SUV度は、デリカミニが頭ひとつ抜けている
では、気になるスペーシアギアとタントファンクロスとの「SUV度」の比較について考えていこう。ご存じのとおり、スペーシアギアは、2022年の軽自動車販売台数3 位の「スペーシア」をベースに、そしてタントファンクロスは、同販売台数で2位の「タント」をベースに、SUV風にカスタムされたモデルだ。(ベースモデルは)どちらも年間10万台強売れている大人気車で商品力も高く、そのカスタム版であるスペーシアギアもタントファンクロスにも、その高い商品力は受け継がれている。

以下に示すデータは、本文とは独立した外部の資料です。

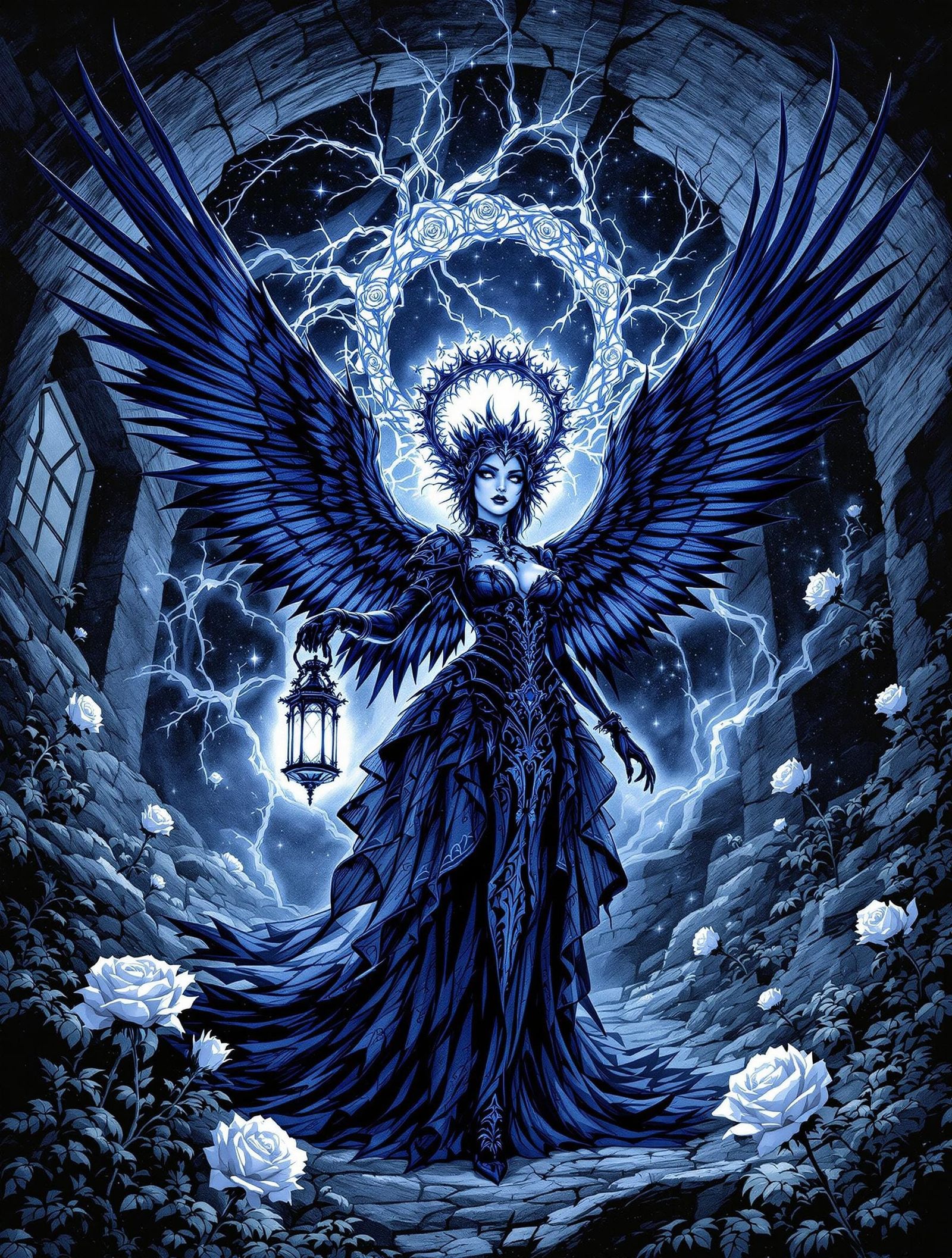 Twilight Fey Guardian with Cobalt Wings and Roses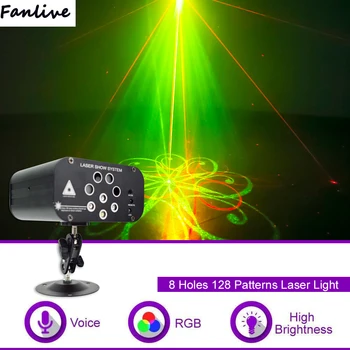 

10pcs 8 holes 128 patterns Disco voice Control music RGBW laser projector 15W LED dj stage light for wedding party KTC Bar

では、SUVとしての使い勝手を比較していこう。タントファンクロスの魅力は、なんといっても助手席「ミラクルオープンドア」の利便性だ。アウトドアが好きな方であれば想像つくと思うが、アウトドアシーンでは、車内の広さはもちろん、大量の荷物をストレスなく出し入れできることもポイントだ。その点タントファンクロスは、助手席側のドアを完全開放し、タープやテント、折りたたみチェアなど、大きくて長い荷物を取り出すシーンでは、果てしなく便利。

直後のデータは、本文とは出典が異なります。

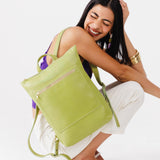 Sugar Snap | Model wearing rectangular slim leather laptop backpack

スペーシアギアも、荷室床面高さがベースのタントよりも低くなっているため、荷物の出し入れをしやすく改良されている。また、床面が硬めの樹脂でできた防汚仕様となっているため、後席を倒してフラットフロアにし、自転車やサーフィンボード、アウトドアグッズのような硬いアイテムを積んだ際も、床面が頑丈なのでダメージを受けにくい。スズキ車ならではの魅力として、全方位モニターなどの便利なアイテムがリーズナブルに装着できるのもポイントだ。
デリカミニも、荷室床面高さはスペーシア並に低く、積載量はトップクラス。ミラクルオープンドアほどの「飛び道具」はないものの、約 650mmと開口部が非常に広く、まさに「タントファンクロスとスペーシアギアのいいとこ取り」をしたのが、デリカミニだといえるのではないだろうか。
大径タイヤと専用チューニングのショックアブソーバーの効果については、試乗してみないとわからないところではあるが、4WD制御には絶大な自信を持つミツビシが味付けしたとなれば、雪道や悪路でも安定した走りは期待できるはずだ。デリカと名乗る手前、中途半端な走破力であるはずはないだろう。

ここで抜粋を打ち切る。